MCP Server

waydriver-mcp is a standalone binary that exposes the library over the Model Context Protocol, letting AI assistants (Claude Desktop, Claude Code, etc.) drive GTK4 apps in isolated headless sessions. It speaks JSON-RPC over stdio and constructs the Mutter backends internally — clients only see the high-level tools below.

Tool	Purpose
`start_session`	Spawn a headless Mutter session and launch a command inside it (optional `report_dir`, `resolution`, `scale`, `isolate_settings`, `gsettings`, `record_video`, `video_bitrate`, `capture_external_effects` overrides per session)
`list_sessions`	List active session ids, app names, and Wayland displays
`kill_session`	Tear down a session and clean up all child processes
`set_setting`	Change a GSettings key on the running session live — rewrites the isolated keyfile in place so the app re-applies it via its `changed` handler (cursor, fonts, color-scheme, …) without a restart
`dump_tree`	Dump the AT-SPI accessibility tree as XML — each node carries a `_ref` you can target with `query`/`click`/etc.
`query`	Evaluate an XPath over the tree; returns every match’s role, name, attributes, and states
`click` / `double_click` / `right_click`	Invoke an element’s primary / secondary / tertiary AT-SPI `Action`. Auto-waits for visibility + enablement.
`hover`	Move the pointer to an element’s center — drives a real Wayland motion event so hover-state UI repaints
`drag_to`	Press, move across an element’s center, release — full Wayland drag gesture
`drag_to_coords`	Like `drag_to`, but release at raw screen-absolute `(x, y)` — drop onto empty space or off the source window (libadwaita tab drag-out and other “drop onto nothing” DnD)
`focus`	Give keyboard focus to an element via AT-SPI `Component::grab_focus`
`set_text`	Replace an editable element’s contents via `EditableText` (fast, requires the interface)
`fill`	Focus + clear + type — fallback for widgets without `EditableText` (e.g. `GtkTextView`/`GtkEntry`).
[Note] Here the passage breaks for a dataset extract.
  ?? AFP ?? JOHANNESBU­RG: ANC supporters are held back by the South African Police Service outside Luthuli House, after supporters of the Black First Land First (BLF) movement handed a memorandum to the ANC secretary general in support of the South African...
Tries AT-SPI `Component::grab_focus` first; widgets whose bridge doesn’t expose Component (the documented GTK4 case) fall back to a pointer click at the widget’s centre to drive focus through the input layer, the same way a user would. Set `assume_focused: true` to skip the whole focus step when the target is already focused. Supports `caret_nav`/`select_all` clear modes.
`select_option`	Pick an entry from a Selection-interface container (combo box, list, …) by label or by index
`read_text`	Read an element’s text via the `Text` interface
`read_value`	Read an element’s AT-SPI `Value` (current/min/max) — a scrolled view’s offset, or a slider/progress/spin value
`scroll`	Scroll a located area by wheel detents along an axis (parks the pointer over it first); pair with `read_value` to confirm the offset moved
`type_text`	Type a string into the currently focused element through the input backend
`press_key`	Press a named key or chord (`Return`, `Ctrl+A`, `Shift+Tab`, `Escape`, …)
`move_pointer`	Move the pointer by a relative offset in logical pixels
`pointer_click`	Press and release a pointer button (defaults to left click)
`take_screenshot`	Capture a PNG via the keepalive ScreenCast stream and return its path
`compare_element_to_baseline`	Crop an element and diff it against a committed reference PNG (perceptual CIEDE2000) — returns a diff score (not a pass/fail verdict) and writes a red-highlighted diff image on mismatch
`get_captured_effects`	Read the desktop notifications and portal open-URI requests the app emitted onto the session bus (mock D-Bus sinks). Requires `capture_external_effects: true` on `start_session`; effects have no AT-SPI projection, so this is the only way to assert on them
`launch_secondary_instance`	Relaunch the app with extra args in the same session env — a single-instance `GApplication` forwards the command line to the running primary; observe the primary’s reaction via `wait_for_stdout_line`/`query`

Selectors use XPath 1.0 against a snapshot of the AT-SPI tree serialized to XML, with role names normalized to PascalCase (e.g. push button → Button). Example XPaths: //Button[@name='OK'], //Text[@name='search'], //MenuItem[contains(@name, 'Mode')], (//Button)[last()].

Each session produces output under a configurable report directory. Screenshots are written as {report_dir}/{session_id}/{session_id}-{n}.png — each session gets its own subdirectory and n increments per take_screenshot call. The base report_dir defaults to /tmp/waydriver and can be overridden with the --report-dir <PATH> CLI flag or the WAYDRIVER_REPORT_DIR environment variable. Individual start_session calls may also pass a report_dir argument to override the server default for that session.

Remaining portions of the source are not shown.